Geen merkinbreuken, noch inbreuken tegen de eerlijke marktpraktijken bij ‘Yellow Cabs’

Rechtbank van Koophandel Antwerpen 12 mei 2016, IEFBE 1972 (VHS Business Transportation tegen Gele Taxi) Oneerlijke marktpraktijken. Merkinbreuk. Business Transportation is een taxibedrijf en voerde vanuit de VS drie Fords in, de wagens die in New York als taxi’s worden gebruikt. Gele Taxi begon ook met het gebruik van gele voertuigen. Partijen zijn het oneens over de merkenrechtelijke implicaties van hun wederzijdse handelingen en verwijten elkaar oneerlijke marktpraktijken. Business Transportation stelt dat Gele Taxi een inbreuk maakt op het intellectuele eigendom. Zij vordert dat Gele Taxi wordt veroordeeld om het verval kenbaar te maken aan het Benelux Merkenbureau. Zij vordert verder dat Gele Taxi een inbreuk maakt op het Wetboek Economisch Recht, door misleidende reclame te hebben gevoerd en door afbrekende gegevens te hebben geuit.

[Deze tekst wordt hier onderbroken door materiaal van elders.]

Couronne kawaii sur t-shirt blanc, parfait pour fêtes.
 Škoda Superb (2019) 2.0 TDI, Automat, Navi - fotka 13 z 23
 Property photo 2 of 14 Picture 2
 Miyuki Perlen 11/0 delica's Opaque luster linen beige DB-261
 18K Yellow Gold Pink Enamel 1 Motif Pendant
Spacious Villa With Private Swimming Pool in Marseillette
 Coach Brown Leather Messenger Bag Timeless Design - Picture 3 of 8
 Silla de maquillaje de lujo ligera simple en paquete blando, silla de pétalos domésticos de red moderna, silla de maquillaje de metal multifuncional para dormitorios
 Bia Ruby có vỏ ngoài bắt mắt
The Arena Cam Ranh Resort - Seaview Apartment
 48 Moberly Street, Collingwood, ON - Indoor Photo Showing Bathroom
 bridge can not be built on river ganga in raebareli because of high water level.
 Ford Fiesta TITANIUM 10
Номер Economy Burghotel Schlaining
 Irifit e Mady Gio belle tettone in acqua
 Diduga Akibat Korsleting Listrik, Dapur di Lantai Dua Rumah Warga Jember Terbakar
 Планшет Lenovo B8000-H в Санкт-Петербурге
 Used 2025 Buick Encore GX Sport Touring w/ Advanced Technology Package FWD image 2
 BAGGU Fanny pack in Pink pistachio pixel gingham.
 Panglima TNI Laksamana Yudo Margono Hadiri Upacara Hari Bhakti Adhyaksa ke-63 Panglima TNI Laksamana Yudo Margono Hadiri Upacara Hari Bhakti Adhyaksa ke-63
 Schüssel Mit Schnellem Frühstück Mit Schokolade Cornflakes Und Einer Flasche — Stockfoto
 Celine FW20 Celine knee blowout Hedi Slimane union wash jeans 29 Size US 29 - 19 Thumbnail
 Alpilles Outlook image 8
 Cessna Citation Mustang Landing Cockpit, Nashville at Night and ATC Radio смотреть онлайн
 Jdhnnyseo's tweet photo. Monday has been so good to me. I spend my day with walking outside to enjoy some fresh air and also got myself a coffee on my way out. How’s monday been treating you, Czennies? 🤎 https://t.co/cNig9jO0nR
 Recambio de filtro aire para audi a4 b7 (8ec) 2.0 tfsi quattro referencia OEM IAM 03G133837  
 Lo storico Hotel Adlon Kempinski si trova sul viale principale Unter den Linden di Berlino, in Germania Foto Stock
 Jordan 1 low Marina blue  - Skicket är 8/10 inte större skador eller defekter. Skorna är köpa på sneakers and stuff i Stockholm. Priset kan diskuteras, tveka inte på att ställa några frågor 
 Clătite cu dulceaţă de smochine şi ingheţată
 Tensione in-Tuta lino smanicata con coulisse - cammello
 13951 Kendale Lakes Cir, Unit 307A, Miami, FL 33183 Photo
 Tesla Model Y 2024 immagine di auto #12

Gele Taxi formuleert een tegenvordering opdat Business Transportation zou worden veroordeeld tot staking van het misleidend en verwarring stichtend gebruik van de term ‘gele taxi’ en van de oneerlijke en agressieve marktpraktijken, dit onder verbeurte van een dwangsom. De rechtbank verklaart dat er geen sprake is van merkinbreuken, noch inbreuken tegen de eerlijke marktpraktijken.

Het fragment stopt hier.